Given a finite dimensional real vector space, we can view all the complex structures on it as a subspace of ${\rm GL}(V)$. I wonder if it is a submanifold of ${\rm GL}(V)$. And moreover, given a symplectic form $\omega$, will the $\omega$-compatible (for simplicity, I discard the requirement that $\omega(v,Jv)>0$ for it is an open condition on complex structures )complex structure consist a submanifold?
For the first problem, I have figured out a solution but I don't satisfy with it because it is not the usual metheod for proving submanifolds using constant rank theorem or transversality. Here is my proof:
view the general linear group as matrices. By linear algebra we know that for any complex structure $J$ there is a invertible matrix $P$ such that $PJP^{-1}=\Omega$, where
\begin{align*} \Omega= \begin{pmatrix}0 &-I_{n}\\\ I_{n}&0\end{pmatrix} \end{align*}
Let ${\rm GL}(V)$ act on it self by congugation, then the set of complex structures is a closed orbit of its action, and a theorem(I will post the theorem under this proof) in Topological transformation groups by L.Zippin and D.Montgomery 2.13 said that in this case the natural induced map from ${\rm GL}(V)/{\rm GL}(V)_{\Omega}$ to this orbit is a homeomorphsim. Thus the map is an embedding.
Let $G$ be a locally compact group, G' an open subgroup such that $G/G'$ is countable, and $G'/G_{0}$ ($G_{0}=$ identity component so $G_{0}\subset G'$ and $G_{0}=G_{0}')$ is compact. Let $G$ act transitively on the locally compact Hausdorff space $M$. Then for any $x\in M$, $G/G_{x}$ is homeomorphic to $M$.
( In my case, ${\rm GL}(V)$ act transitively on the closed orbit and because it is closed, the orbit is locally compact hausforff, Taking $G_{0}=G'=$ matrices with positive determinent)
For the second problem, the $\omega-$compatible complex structure can be identified with matrices satisfying $J^{2}=-I_{2n}$ and $J\Omega J^{\rm T}=\Omega$. If the map defined on complex strutures by $J\rightarrow J\Omega J^{\rm T}$ is constant rank, we are done, but I have no idea about how to prove it and I don't know whether the map is really constant rank or not. It can also be identified with symmetric matrices satisfying $A(-\Omega)$ is complex structure, so I wonder if the map defined on invertible symmetric matrices $A\rightarrow A(-\Omega)A(-\Omega)$ is constant rank. It is equivalent to show that the dimension of linear space generated by symmetric matrices $\\{X | A\Omega X \text{ is symmetric} \\}$ is indepedent of symmetric invertible matirx $A$, but I also have no idea about proving/disproving it. Or, maybe we can prove that the complex strutures and the symplectic group intersect transversally?

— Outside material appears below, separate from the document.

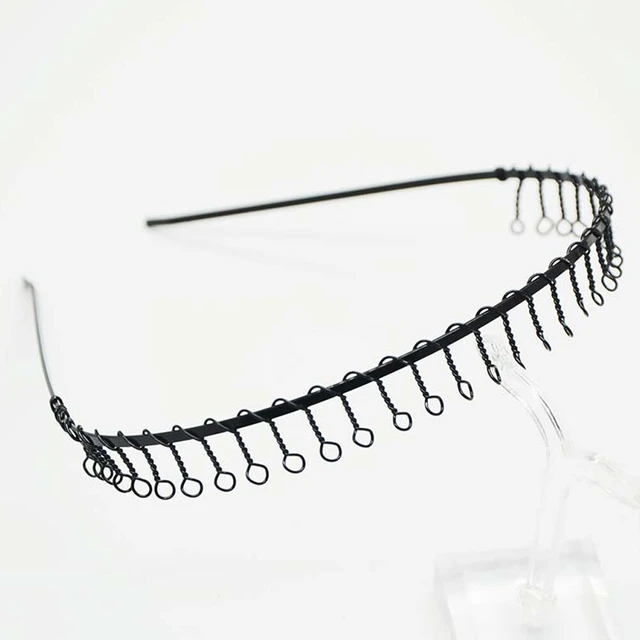 Alt view image 4 of 5 - US 10 Pack Unisex Hairband Comb Headband Metal Wire with Teeth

Oh I have done. Consider skew-symmetric matrices taking form \begin{pmatrix} A& B\\\ -B& A \end{pmatrix} where A is skew-symmetric and B is symmetric. It is easy to show that invertible matrices satisfying $P^{-1}\Omega P=$ skew-symmetric matrices like above is a submanifold. Donote it as $H$. Then $H^{-1}/{\rm GL}(V)_{\Omega}$(it is submanifold of complex structures by quotient manifold theorem) is the $\omega$-compatible complex structures.